ダイバーシティ推進方針として「女性活躍推進」「多様な人財の活躍」「多様な働き方の推進」の3つの柱がある。「女性活躍推進」では、2005年から女性営業・技術職の積極採用を進めたほか、2014年には女性管理職候補者向けの「積水ハウス ウィメンズカレッジ」を開講した。「多様な人財の活躍」では、お互いの多様性や価値観、働き方を認め合い活かすこととしており、LGBTQの取り組みや障がい者雇用を推進している。「多様な働き方の推進」では、男性社員は1か月以上の育児休業を完全取得することとしており、取得率100%を達成している。
参加者へのメッセージ
皆さんへのメッセージを2点申し上げたい。一つは、現場との対話を大切にし、共感の輪を広げていくこと。全従業員を巻き込むことで、「ESGの中に会社がある」ことの実現に近づく。
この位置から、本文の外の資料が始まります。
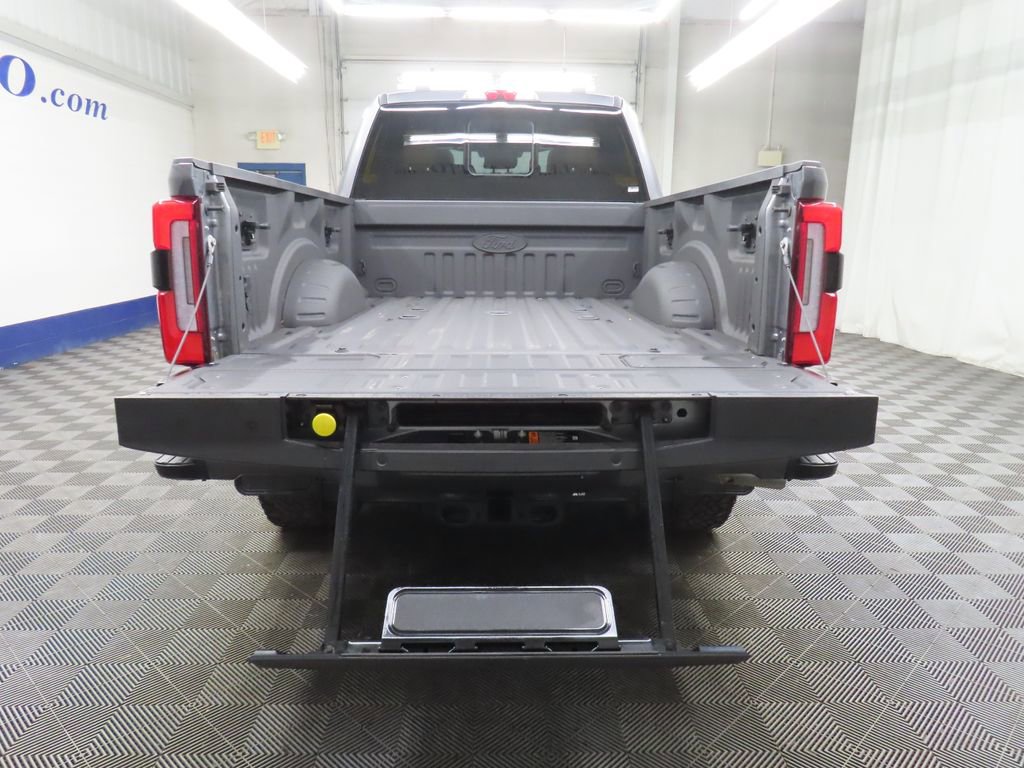 Used 2023 Ford F350 Platinum w/ Tremor Off-Road Package AWD/4WD image 44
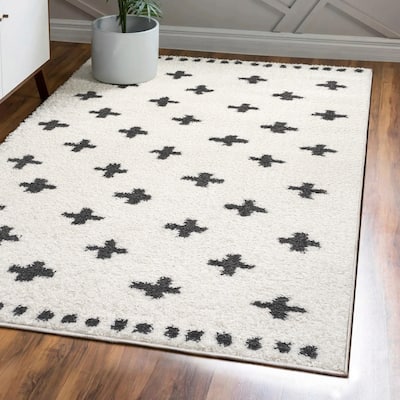 JONATHAN Y Calvia Berber Geometric Shag Area Rug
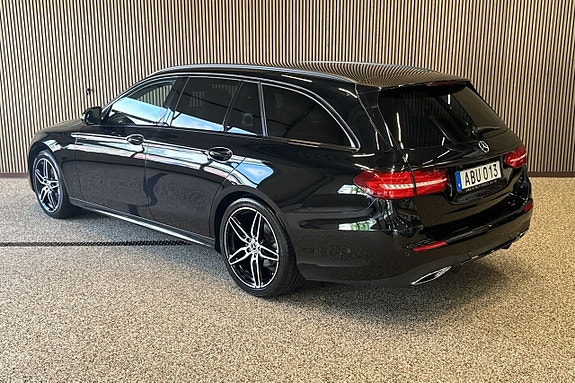 Mercedes-Benz E220 3 of 12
もう一つは、個性を活かした自分らしいリーダーシップで、ということである。上手くリーダーシップをとるには、周りと同じ動きをしてはいけない。ご自身の個性を殺すことなく、リーダーシップを発揮していただきたい。そうすることで、相手にもダイバーシティの大事さが伝わる。
【質疑応答・意見交換】
- 管理的立場になりこれまでと仕事の中身が変わる中、案件を経営層に通すことに難しさを痛感している。アドバイスをいただきたい。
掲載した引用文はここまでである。